──────── DATA EXTRACT

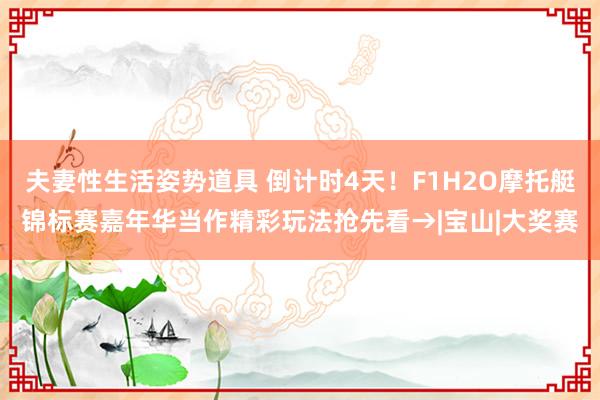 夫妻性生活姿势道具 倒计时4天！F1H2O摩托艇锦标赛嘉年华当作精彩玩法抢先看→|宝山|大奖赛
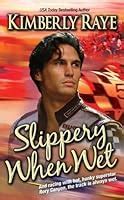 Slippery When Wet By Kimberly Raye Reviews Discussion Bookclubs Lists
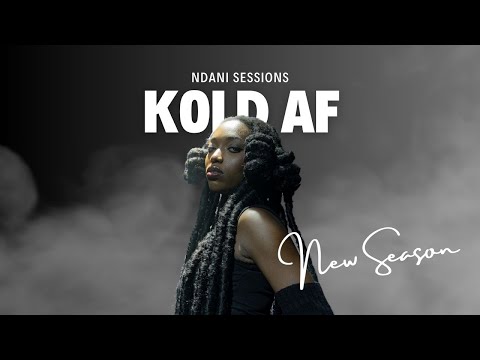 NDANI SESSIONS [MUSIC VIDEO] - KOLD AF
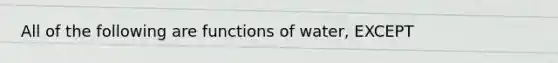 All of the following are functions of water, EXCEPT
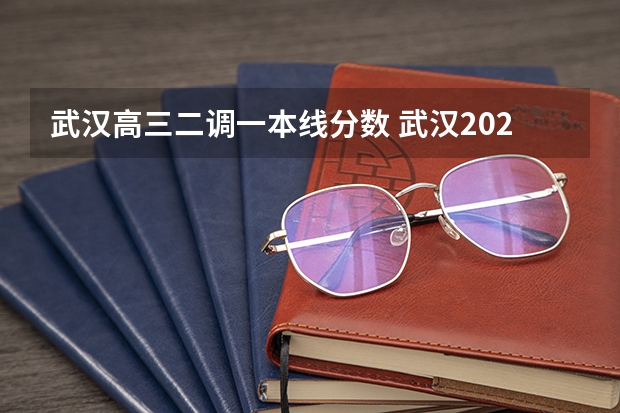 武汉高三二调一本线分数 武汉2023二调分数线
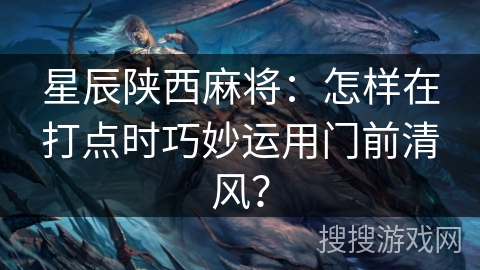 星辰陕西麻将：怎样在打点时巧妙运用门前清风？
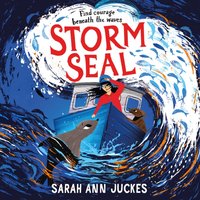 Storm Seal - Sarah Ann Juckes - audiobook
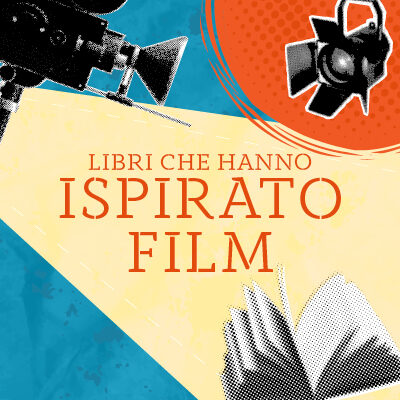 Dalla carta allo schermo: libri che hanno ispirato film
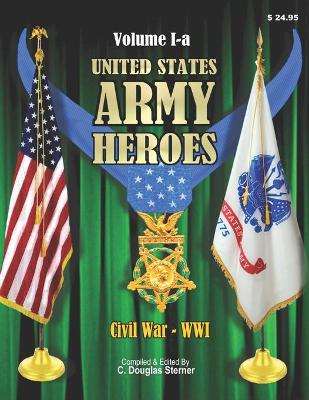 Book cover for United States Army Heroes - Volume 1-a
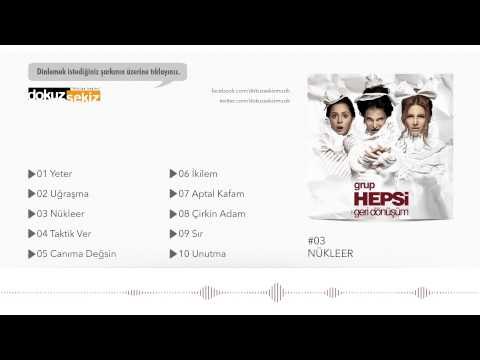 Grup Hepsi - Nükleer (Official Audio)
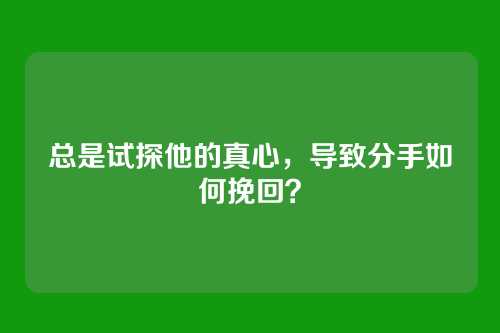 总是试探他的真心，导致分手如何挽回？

────────────────

### DIRECTIONS FOR THIS TASK
Please give a word-for-word transcript of the lines from the one holding "Slippery When Wet" through the final line of the entries, both ends kept, with no pictures.

### TASK OUTPUT
 Slippery When Wet By Kimberly Raye Reviews Discussion Bookclubs Lists
 NDANI SESSIONS [MUSIC VIDEO] - KOLD AF
 All of the following are functions of water, EXCEPT
 武汉高三二调一本线分数 武汉2023二调分数线
 星辰陕西麻将：怎样在打点时巧妙运用门前清风？
 Storm Seal - Sarah Ann Juckes - audiobook
 Dalla carta allo schermo: libri che hanno ispirato film
 Book cover for United States Army Heroes - Volume 1-a
 Grup Hepsi - Nükleer (Official Audio)
 总是试探他的真心，导致分手如何挽回？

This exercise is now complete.